The list includes citizens of Australia, Britain, Germany, France and Denmark. The majority are Afghans, Saudis and Yemenis.
Meanwhile, some of Pakistan’s home-grown radicals are branching out, including a Harkat splinter group operating in Karachi that added “al-Almi,” or “international,” to the name. Police blame the group for a May suicide bombing that killed 11 French naval engineers and a car bombing near the U.S. Consulate in Karachi that killed 11 Pakistanis, including the bomber.
The Harkat member interviewed in Hayatabad said he believed that the Al-Almi faction had about 100 members and that only about 24 had been arrested.
When Pakistan’s 32 special anti-terrorism courts do attempt to put suspects on trial, other problems occur. Raja Queshi, who won the conviction of Pearl’s killers, resigned this month as chief prosecutor of Sindh province. No reason was given, but he previously had said that he was getting constant death threats and that he had moved his family out of Pakistan.
Prior to his resignation, he failed to turn up repeatedly for the trial of five suspects in the consulate bombing, forcing its postponement.
Other anti-terrorism courts have concentrated on cases not normally considered terrorism.
Khan, the Peshawar prosecutor, doesn’t include the case of the 11 alleged Harkat members on his docket of seven anti-terrorism cases. Among those he does include are the rape of a 12-year-old girl and the killing of a dentist. Four of the seven cases date to 1992.
While he focuses on those cases, several men are living in the house where the 11 were arrested, behind a wall topped with barbed wire in a neighborhood of Afghan refugees.
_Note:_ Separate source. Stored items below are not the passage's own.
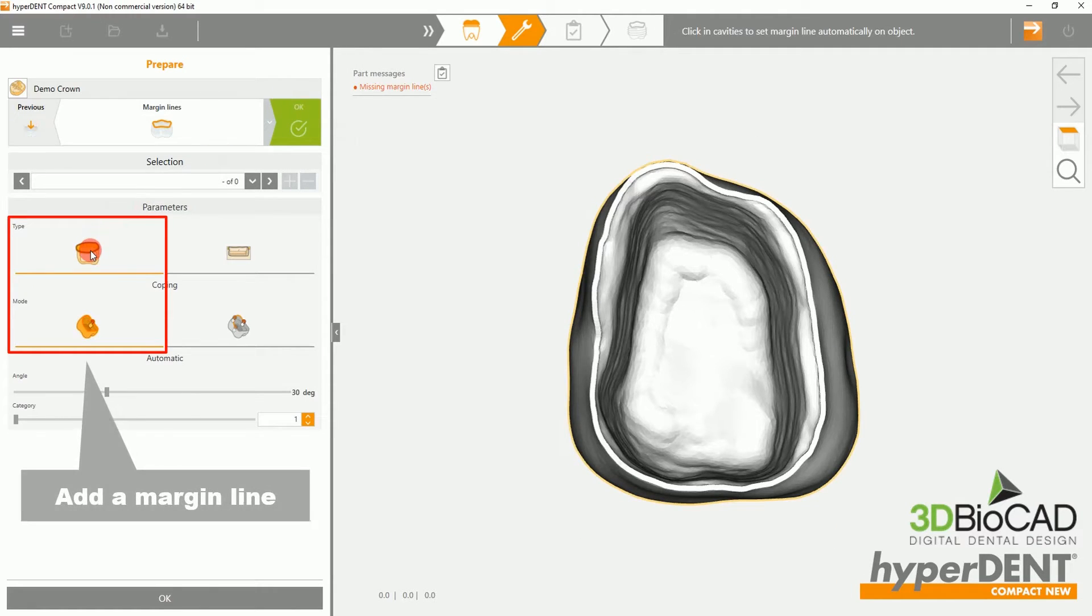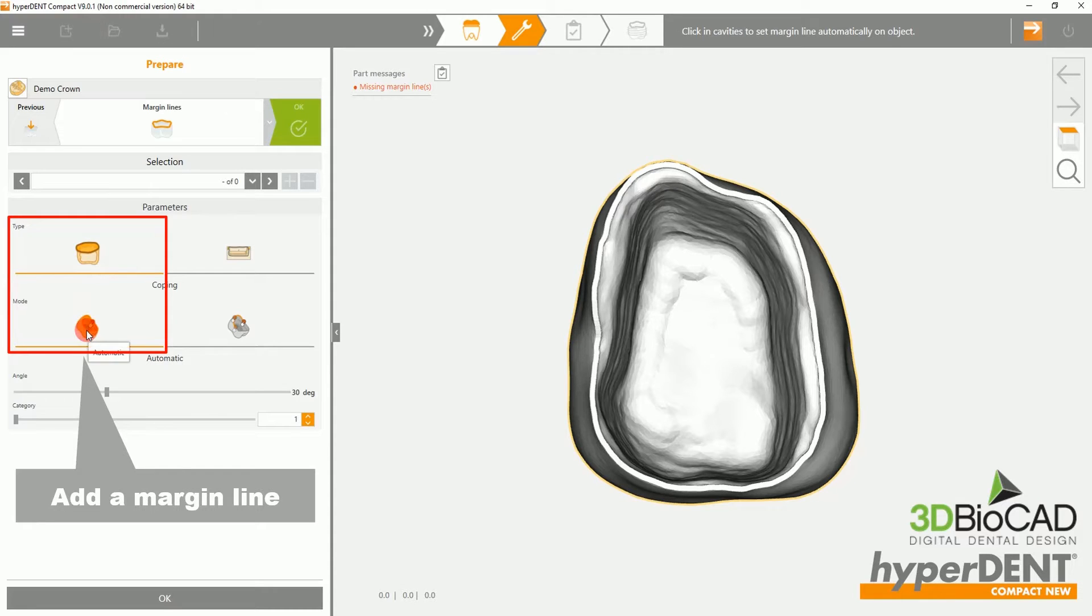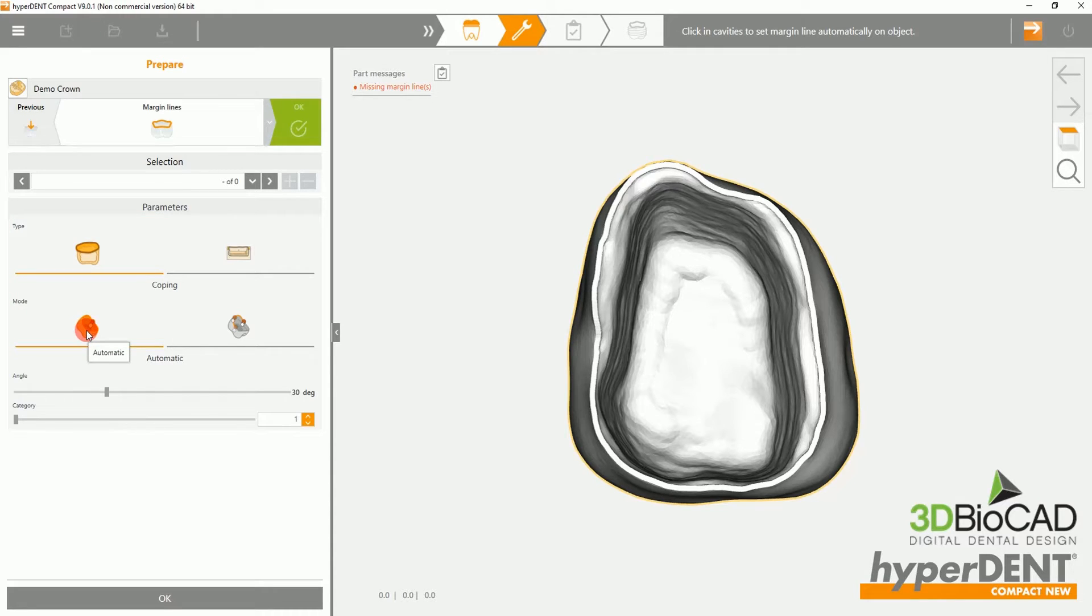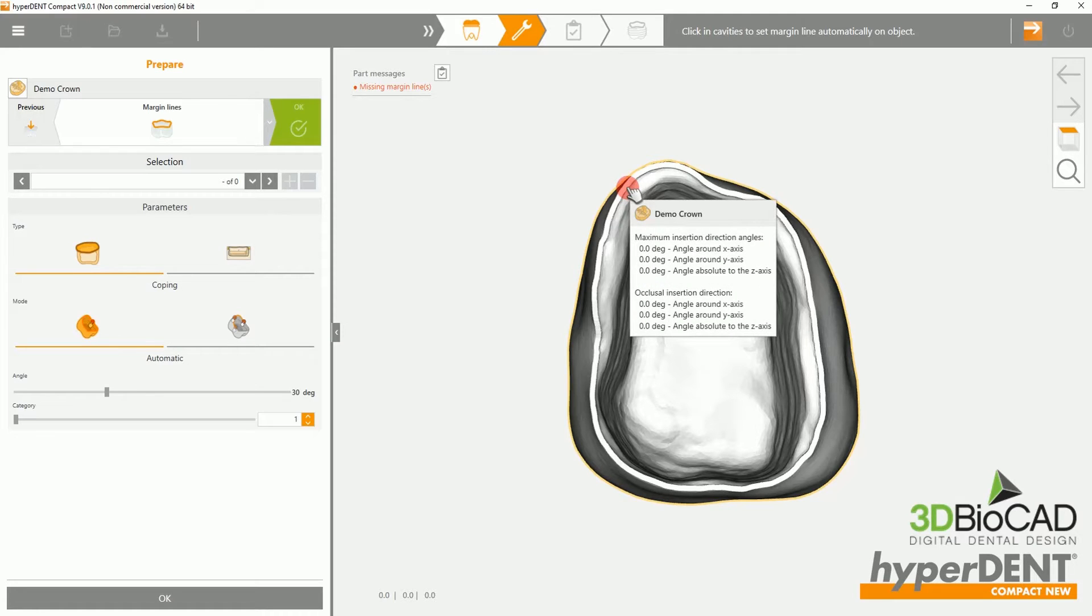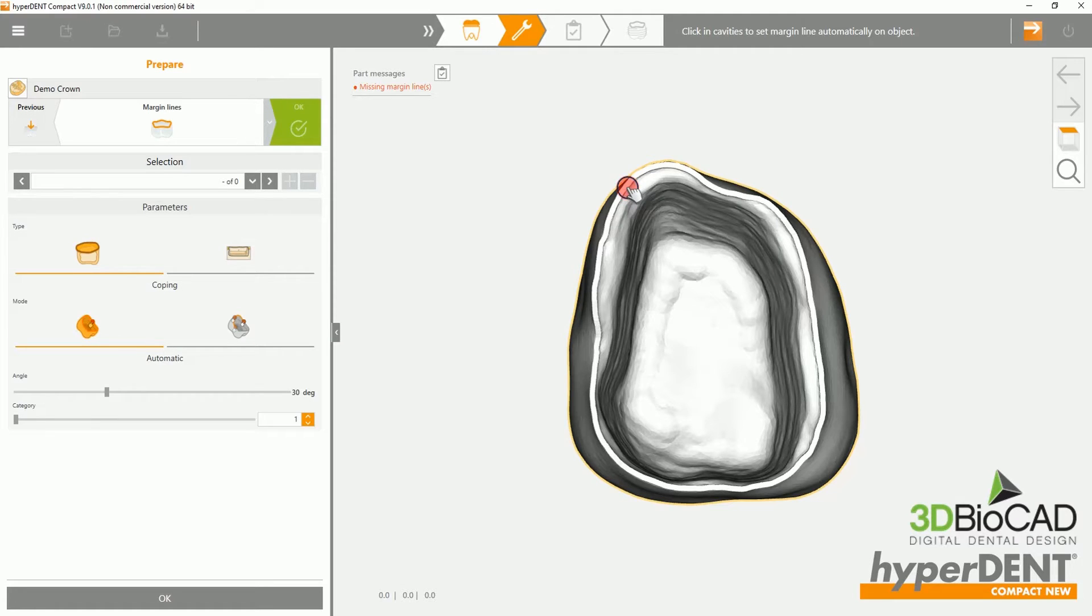To add a margin line, all you have to do is click where the margin line will be. The software will detect and add the margin line for you.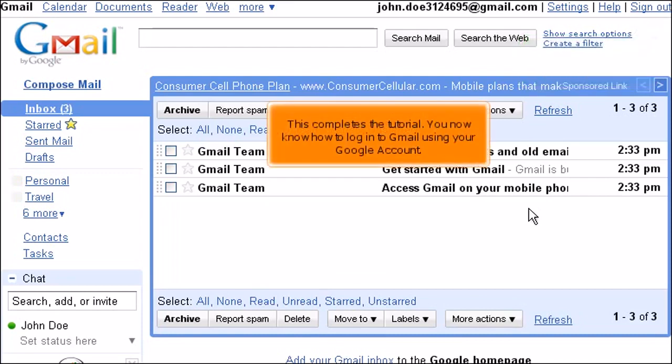This completes the tutorial. You now know how to log in to Gmail using your Google account.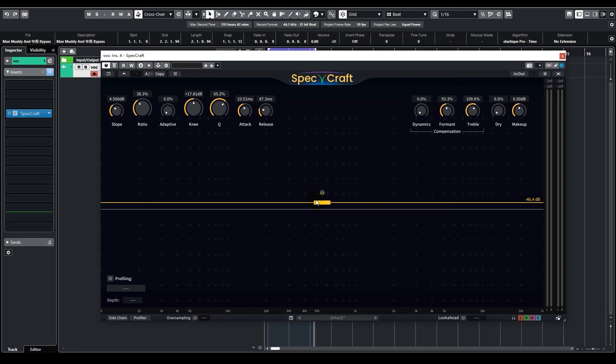Yep, this is much more pleasant. However, there's still one more problem. This vocalist has a very prominent nasal sound, like mm-mm-mm. To deal with that, let's first locate the nasal frequency.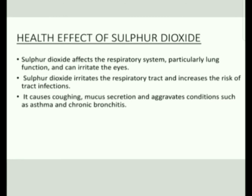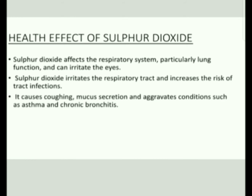Sulfur Dioxide mainly affects the respiratory system, particularly lung function. It irritates the respiratory tract and increases the risk of tract infections. It causes coughing, mucous secretion, and aggravates conditions such as asthma and chronic bronchitis.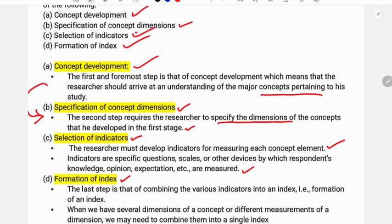The last step is combining the various indicators into an index — formation of an index. When we have several dimensions of a concept or different measurements of dimensions, we may need to combine them into a single index. When we have different dimensions, we can develop the indicators and then form the index.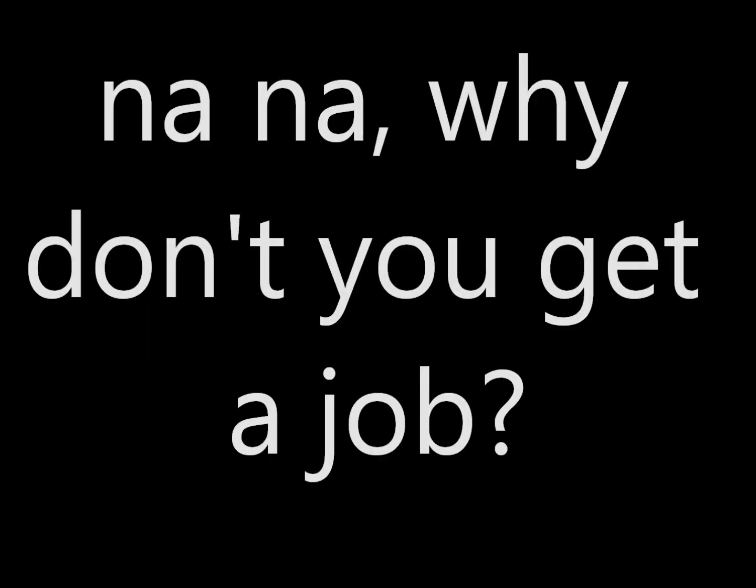I won't pay, I won't pay, yeah, no way. No, no, why don't you get a job?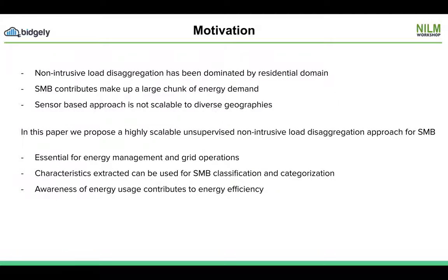In the NILM field, most of the load disaggregation efforts are dominated by the residential domain, but a large chunk of energy demand comes from small and medium businesses as well. Also, the existing methods for disaggregation use a sensor-based approach that is not really scalable.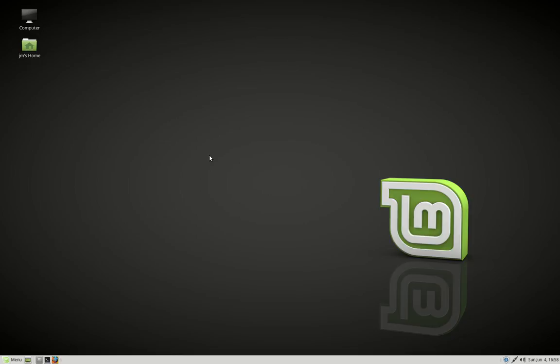G'day YouTube. Today I just wanted to show you guys a couple of really cool terminal system monitors for Linux Mint.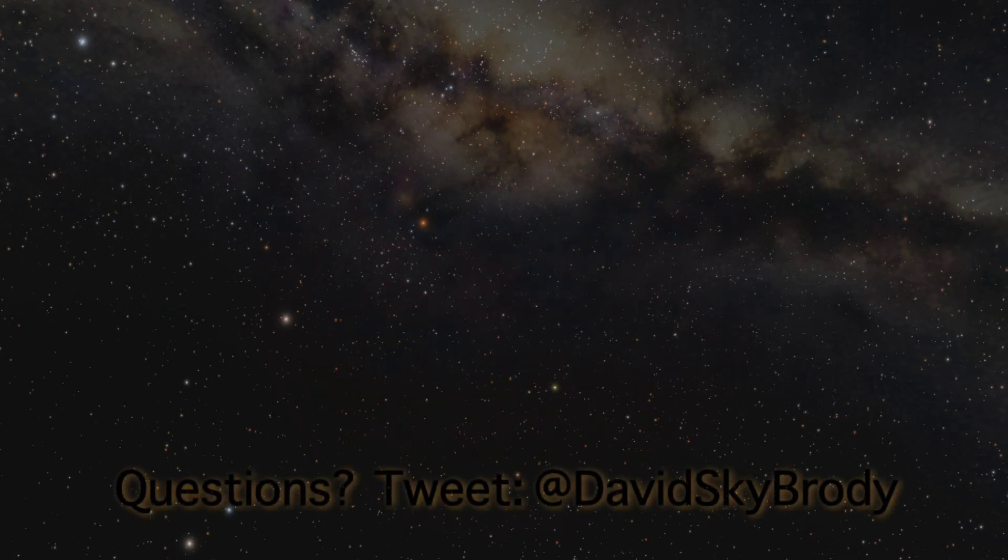For Space.com, I'm Dave Brody. And if you have questions about this, tweet me, I'll try and get you the right answer at DavidSkyBrody.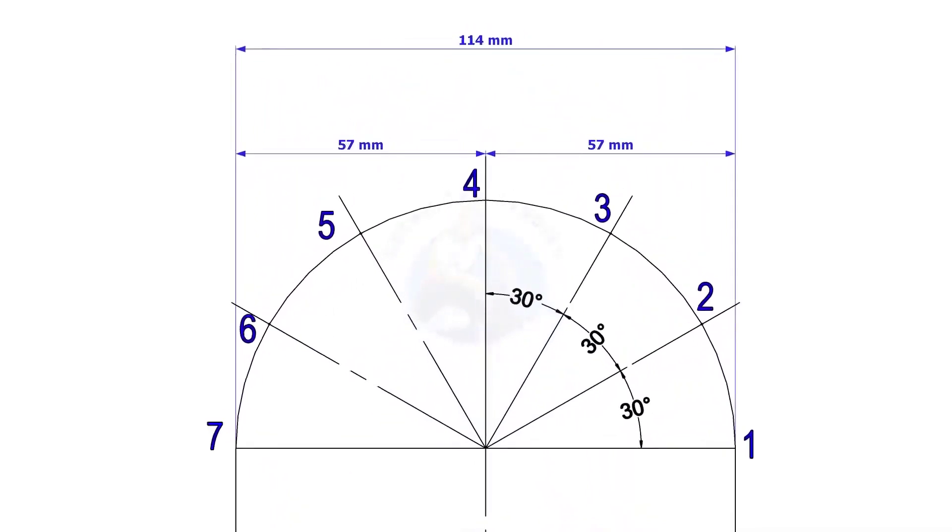Divide this half circle into 6 equal segments. If the pipes are above 6 inches, you may need to increase the segments for better accuracy.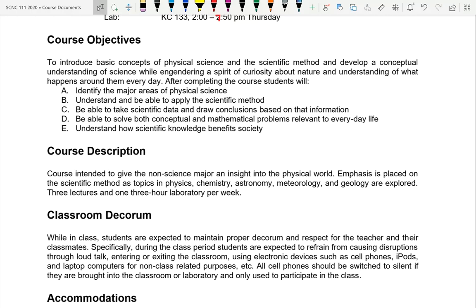You'll have two guaranteed test questions: one on the first exam and one on the final. You'll be asked to list the four abbreviated steps of the scientific method, and then I'll give you an observation and you'll have to apply the scientific method to it. Those two questions are worth about ten percent of the exam. We'll have three midterm exams — one on physics, one on chemistry, one on geology and meteorology — plus a final.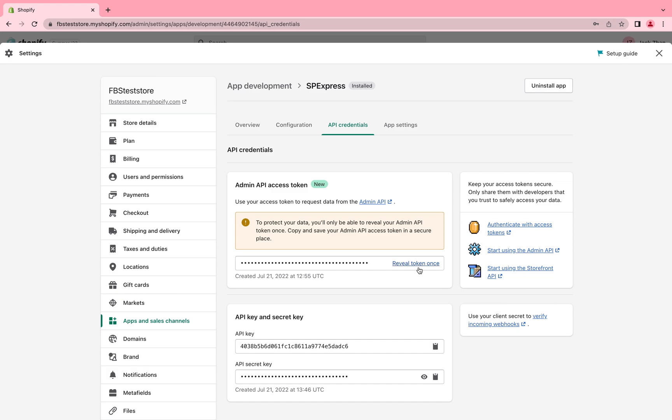Then, send us the token, your store URL, API key, as well as API secret key, and our tech team will take care of the rest of integration.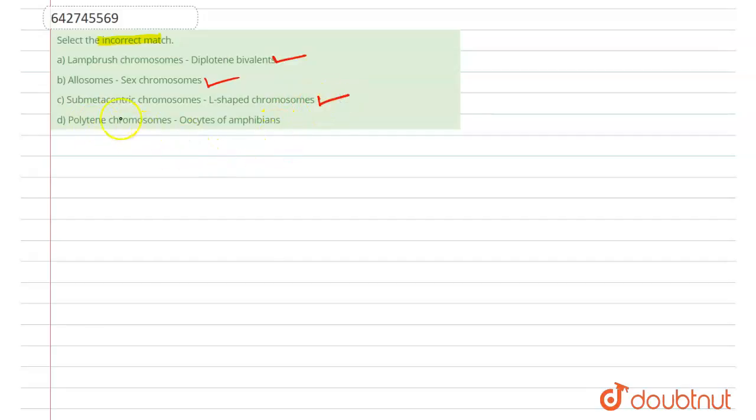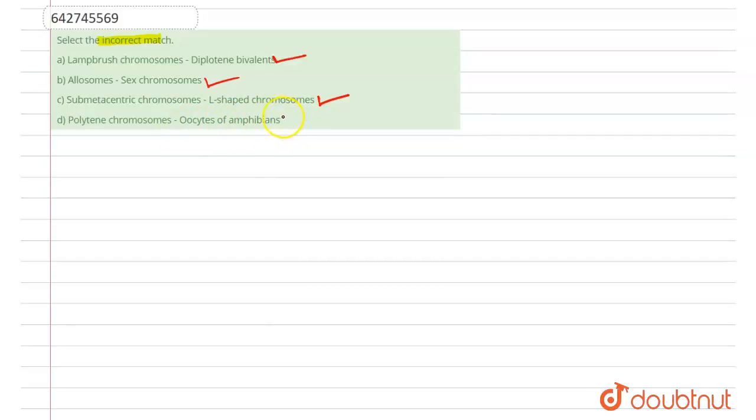And Option D: Polytene chromosome found in Oocyte of Amphibians. Polytene chromosomes are Giant chromosomes and they are commonly seen in two-winged flies. They result from repeated rounds of DNA replication without cell division. So, this is an incorrect option as it is found only in flies.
Police say the compound was sealed, but several people still live there. A young man who answered the bell said they had nothing to do with Harkat. But he glowered at a foreign visitor and angrily spit as he walked back through the gate, next to a sign that warned: “Outsiders not allowed without permission.”
Mubashir Zaidi in Islamabad and Zulfiqar Ali in Peshawar contributed to this report.